SUPPLIED DATA:
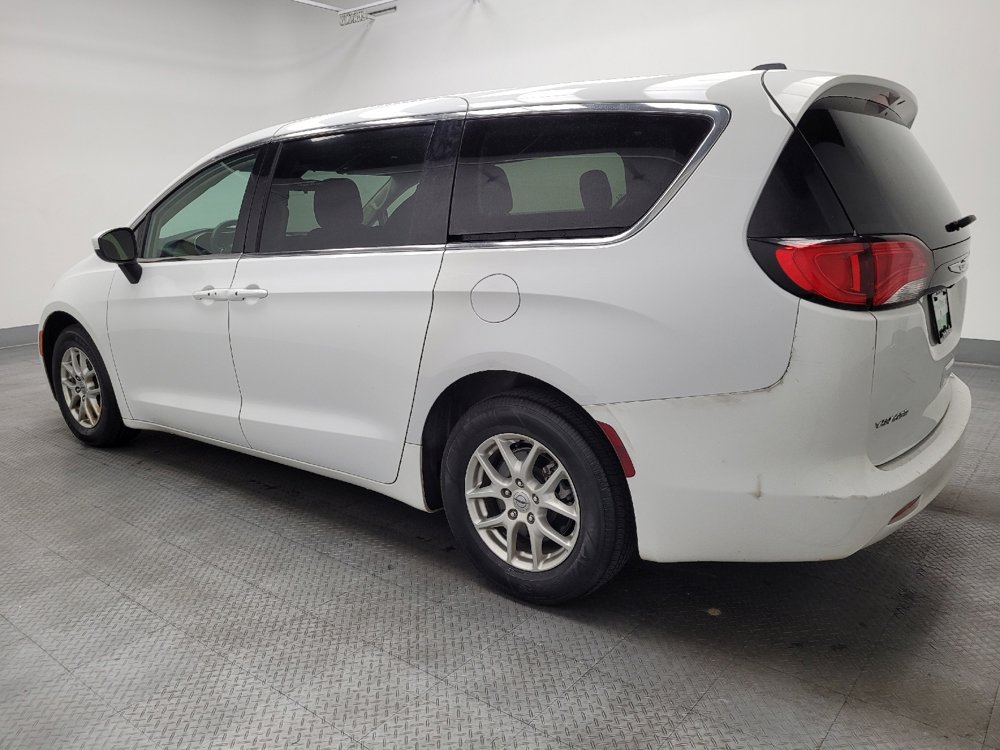 Used 2022 Chrysler Voyager LX image 3
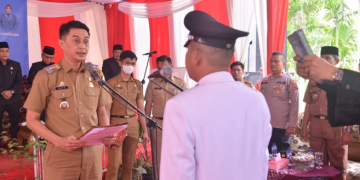 Pj Bupati Muaro Jambi Lantik Kepala Desa Solok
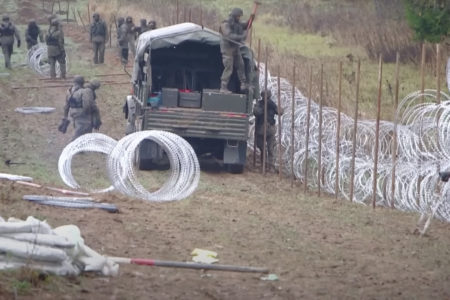 Ba Lan lắp đặt hàng rào dây thép gai dọc biên giới Nga sau vụ tấn công bằng tên lửa gây ra tình trạng khẩn cấp của NATO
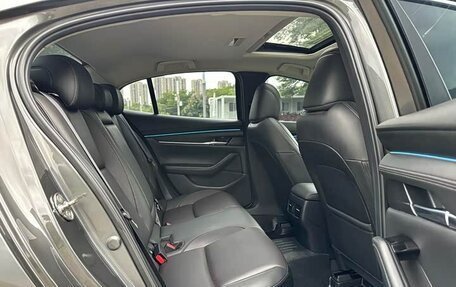 Mazda 3, 2021 год, 1 400 000 рублей, 12 фотография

DESCRIPTION OF THE TASK: Only one thing is required here: an exact copy of the lines from the one bearing "Ba Lan lắp đặt" through the final line above, both included, with pictures left out.

SOLUTION TO THIS PROBLEM:
 Ba Lan lắp đặt hàng rào dây thép gai dọc biên giới Nga sau vụ tấn công bằng tên lửa gây ra tình trạng khẩn cấp của NATO
 Mazda 3, 2021 год, 1 400 000 рублей, 12 фотография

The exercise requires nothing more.